For whatever reason our timing wasn't as off as we had imagined, and I showed up to Nana's to pick up the boys just as Jeff was pulling out from dropping them of.

Naturally, Kaeden was upset and fought back tears telling me, "Mom, I got here too early!  I not even really get to play yet."  I smiled, knowing that he meant that he had gotten there late, and agreed that he could have 15 minutes to play.

Getting Kaeden to leave Nana's has always been a battle, but now that he is getting older he is getting so much better about allowing me to set boundaries [or time frames], and him sticking to them.  I'm seriously loving that about my little boy.  No longer are there battles to get him to come home.  Instead, I give him a little bit of leeway, provide a  structure of what is going to happen, and then when I say it's time to go home, he's usually right on board.  It's amazing how our children grown and change.

Since we were returning from Nana's at the time that Kaeden usually climbs into bed, I told him that he wouldn't get his traditional 30 minutes to eat and play before having to go to bed.  I also explained that as soon as we got home, we had to brush teeth and go to bed.

He was obedient, but as crazy as the moments before bed can be, there was a little bit of foot-dragging, and repeated requests to "Hurry up Buddy, we've got school tomorrow!"

Finally I got him in bed.  We exchanged a few conversations as I passed by his bed to grab Carter pj's or to throw a toy in the bin.

In one passing Kaeden sits up and fighting back tears says, "Wait Mommy!  I forgot something at Nana's."  Now this is a usual tactic Kaeden tries to get us to take him back.  It never really works, but he tries it none-the-less.  I asked him what he had forgotten, and he hesitated to tell me, so I figured that I was right about it just being another ploy to waste a little time, or rush him back.

But there was something about those tears he continued to fight back.  Those tears that caused his face to contort in ways that I love and hate all the same time. I love the sweet innocence of the raw emotion he's showing, but I hate to see my little boy in such honest pain.  It's this expression where he's not whining by any means, but more trying to fight back the emotion of the pain at hand.  Like I said, it's absolutely amazing and heartbreaking all at the same time.  Oh and his eyes!  Oh how those Disney Princess eyes give away so much!

After further pressing, I got out of him that the item he had forgotten was "Rocky," a little rock with what looked like a smiley face on it.  Not 100% convinced that I got the story right, I promised him that I would text Allie and make sure she put it in a safe place for us to pick up the next day.

Thankfully Allie knew exactly what he was talking about and promised to keep it safe.

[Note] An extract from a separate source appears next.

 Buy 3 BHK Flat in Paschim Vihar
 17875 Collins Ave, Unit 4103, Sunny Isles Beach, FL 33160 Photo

To calm his nerves I went into his room and read her response aloud.  I was surprised to look up and see that he was fighting back the tears more than ever now.

I asked, "Bug? What's wrong?  Why are you still sad?"

And with a strained voice he said, "Nuffing!" It's nuffing!"

I continued, "Bug, if you are sad, you can tell me.  It's okay to be sad, and it's okay to tell someone about it.  It makes me sad to know you are sad, and I'll always be here to just listen.  If you ever want to tell me about being sad, I won't be mad, I won't ask questions. I'll just listen to why your sad and try to make you happy."

At this point the tears started streaming down his face.

And in turn, tears streaked mine.

I'd like to blame the raging hormones I have the pleasure of dealing with this week, but nope.

It was this moment with my son that brought the tears to my eyes.

This amazing moment with such an innocent little boy.

He never told me why he was sad.

I suspect that the combination of being overly tired, and the relief he felt knowing that "Rocky" would be okay was enough to set him over the edge.

I may never know.

But what I do know is that in that moment we had,

that moment of raw emotion,

that moment where I had the opportunity to explain to my child that I will always be there for him

and that as his mother his sadness is inherently mine,

this moment I will NEVER forget.

Much like the night when he was only a few days old and I stood over his bassinet in the middle of the night just bawling.

Jeff came into the room, and saw his newly born son fast asleep and his hormonal wife standing over the bassinet with tears streaming down her face.

Wondering whatever could be the problem, Jeff gently asked me what was going on.

And I couldn't explain it.

But I tried.

With a squeaky voice and snotty nose I tried to put into words the true love I felt for my child in that moment.

A love for someone who had been a part of my life for less than a week, but who I already felt this overwhelming need to protect, love, teach, and provide for.

I was less than a week in, and I already felt like I was failing him.  He was so perfect, and there was no way I was matching it.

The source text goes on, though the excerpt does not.